My previous job does not exist anymore

TLDR; what took ~4 months for a 3-person team to complete would take around three weeks with a proper agent harness.

My first software experience goes back to ~2022, where I landed a software engineering internship, which turned into a part-time developer role while I was finishing my Master’s.

For most of 2023 and 2024, my job mainly consisted of coding as a member of a technical team. The process was as follows: think about an architecture with the team, align on an implementation plan and estimate timelines, scope tasks and dispatch them through the team and go on about the tasks in two-week sprints.

My first full-time mission, as I was writing my Master’s thesis, consisted of writing a new EVM client, in a new niche DSL language (Cairo). It was a bit hard to skill up as the resources were scarce and the tooling was non-existent. On the other hand, the core topic of the work, which is writing a compliant EVM implementation, is not a very complex task: you can just pull the specification of the EVM (written in Python), a 20k test vector, and simply “rewrite” the EVM in your language. It’s basically a loop in which you’re:

  • Getting the next feature to implement
  • Write unit tests for your code
  • Test said feature e2e using test vectors
  • Fix bugs until tests pass
  • Fetch next feature and start again

Most of the complexity of the task actually consisted of sharing context, information and tools around the team: what is the side effect of this function on the global system? What historical event caused this branching condition in this function; and is it still relevant for a proving engine? How do I debug this failing test? I would end up reading specifications for hours, just to make sure I understood the system before coding it.

This took around 4 months, most of which were spent on writing code, tests, upskilling in Rust, navigating big codebases and benchmarking different architectures to find the right one.

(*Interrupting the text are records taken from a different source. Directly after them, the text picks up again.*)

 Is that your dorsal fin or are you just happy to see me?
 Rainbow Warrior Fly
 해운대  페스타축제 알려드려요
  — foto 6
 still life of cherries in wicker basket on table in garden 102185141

One year later, I believe this same task could be done in about three weeks by one person; rather than a 3-person team in 4 months.

Maybe it’s always obvious in hindsight

TLDR; implementation times fall to 0, feedback loop is 10x faster; saving time on iterations helps converge to the right design faster.

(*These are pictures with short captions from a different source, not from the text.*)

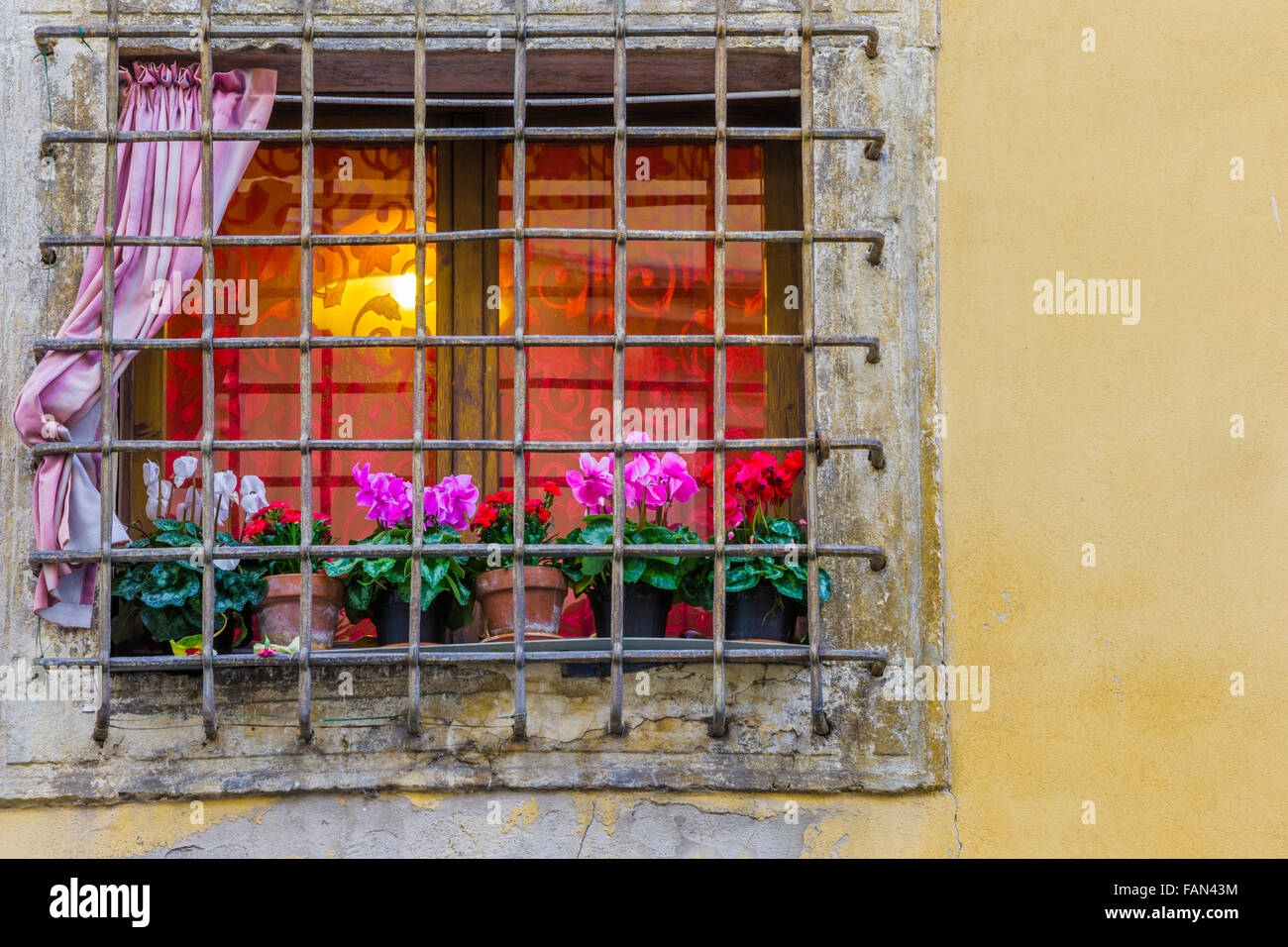 flower pots on rustic window ledge at dawn, Verona Stock Photo Alamy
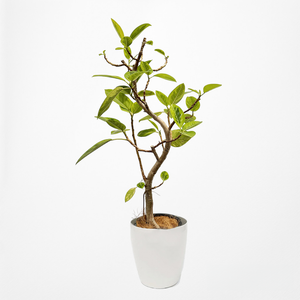 【一点物】フィカス・アルテシーマ 8号 沖縄の観葉植物 高さ 約135cm No.124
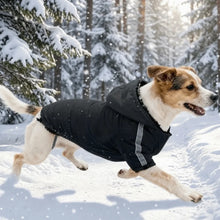 Load image into Gallery viewer, Windproof Reflective Winter Dog Coat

Some would argue that of course, now that I know the full context of what I needed to do to complete the job; it’s easier to lower time estimates. To that, I will counter-argue that:

  • Time spent writing tests falls to near 0. The only thing you need is extensive test scenarios.
  • Time spent researching and understanding the spec can be divided by 5 through efficient use of agents as Q&A assistants. It’s now a lot faster to understand how to do things right.
  • Time spent upskilling in Rust can be lowered to the bare minimum required to understand the syntax, tooling and most common programming flows; so a few days at most.
  • Side tooling can be parallelised with core effortlessly and no longer stand in the hot path.

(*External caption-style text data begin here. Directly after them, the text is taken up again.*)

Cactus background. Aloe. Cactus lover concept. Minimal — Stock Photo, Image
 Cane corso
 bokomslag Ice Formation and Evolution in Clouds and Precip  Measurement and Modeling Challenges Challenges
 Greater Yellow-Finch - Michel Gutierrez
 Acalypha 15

What’s left is basically just orchestrating all of these tasks and providing clear context for coding agents to be able to code with the DSL that’s not in the training set, navigate codebases properly, and define proper success metrics.

Iterations are now a lot faster: we can throw away code easily; we can refactor code easily; and we can test specific architectures with barely any overhead cost.

Would a junior engineer stand any chance today?

TLDR: Hiring needs will evolve, as will the nature of work. But there are limits to what we can handle at once.

Some pessimists will say that juniors are cooked and won’t be able to find jobs in this market. I disagree, as I believe that good engineers will be considerably enhanced, and bad ones will be weakened. However, that job will be entirely different. Throw away the old interview processes with their useless Leetcode, and start screening for what will matter next: Can you learn how to make the right decisions on how to lead development of a specific piece of software ?

You don’t need years of experience to be able to read architecture proposals submitted to you and weigh the pros and cons on how to achieve the desired goal the best way. Neither do you need years of experience to review a final product, that you’ll evaluate as if you were a user: does it achieve the desired goal? In the future, all engineers will be tech leads.

What could happen, though, is that the supply of junior roles will dry up because there will no longer be enough tasks to do anyway.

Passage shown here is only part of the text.